Rate Limiter Implementations
One-line summary: How to implement rate limiters correctly, with different algorithms and their tradeoffs.
Prerequisites: Queueing Theory, understanding of algorithms and data structures.
Mental Model
Rate Limiting Purpose
Key insight: Rate limiting prevents overload by controlling request rate. Different algorithms have different tradeoffs.
Rate Limiting Goals
- Prevent overload: Don't allow more requests than capacity
- Fairness: Distribute capacity fairly among clients
- Accuracy: Enforce limits accurately
- Performance: Low overhead, fast decisions
- Distributed: Work across multiple servers
Internals & Architecture
Algorithm 1: Token Bucket
Concept
Token bucket: Tokens are added at a fixed rate. Requests consume tokens. Requests are allowed if tokens available.
Implementation
Parameters: - Capacity: Maximum tokens (burst size) - Rate: Tokens added per second (sustained rate)
Algorithm:
1. Add tokens: tokens = min(capacity, tokens + rate × time_elapsed)

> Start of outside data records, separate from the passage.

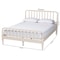 Baxton Studio Braith Farmhouse Ivory Spindle Wood King Size Platform Bed 258-14207-ZORO - alternate 3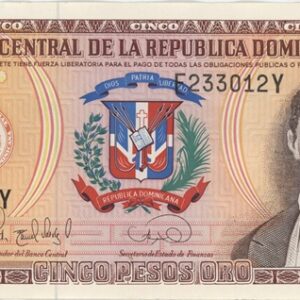 République Dominicaine 5 Peso 1996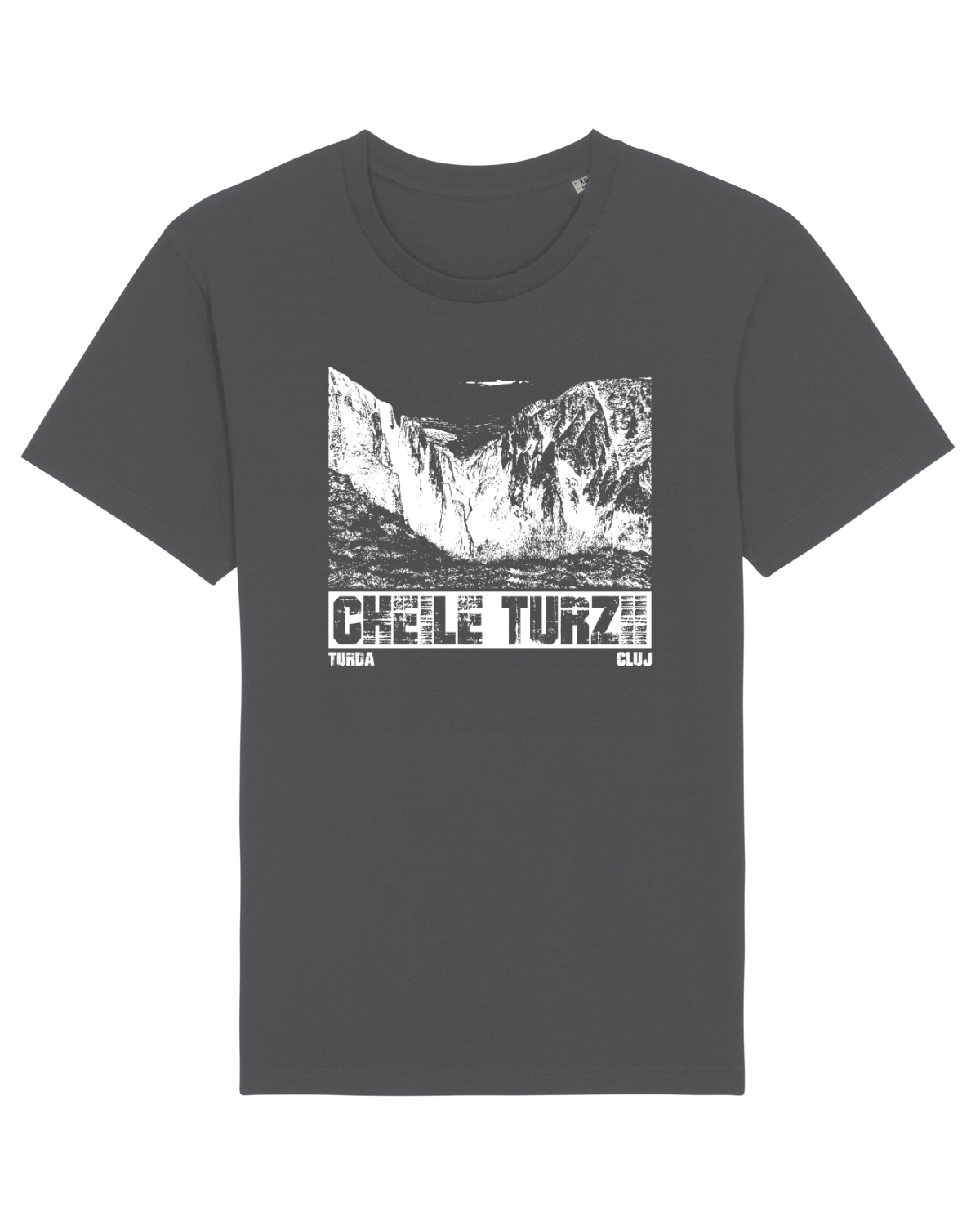 Tricou mânecă scurtă Unisex Rocker Anthracite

2. Check request: if tokens >= 1:
tokens -= 1
allow request
else:
reject request
Properties
Pros: - Burst handling: Allows bursts up to capacity - Simple: Easy to implement - Memory efficient: O(1) space
Cons: - Not perfectly accurate: Tokens added continuously, not discretely - Bursty: May allow bursts that exceed rate
Use case: APIs that need to handle bursts but limit sustained rate.
Algorithm 2: Sliding Window Log
Concept
Sliding window log: Track timestamps of requests in a time window. Allow request if count < limit.
Implementation
Parameters: - Window size: Time window (e.g., 1 minute) - Limit: Maximum requests per window
Algorithm:
1. Get current time: now = current_time()
2. Remove old entries: log = log.filter(timestamp > now - window_size)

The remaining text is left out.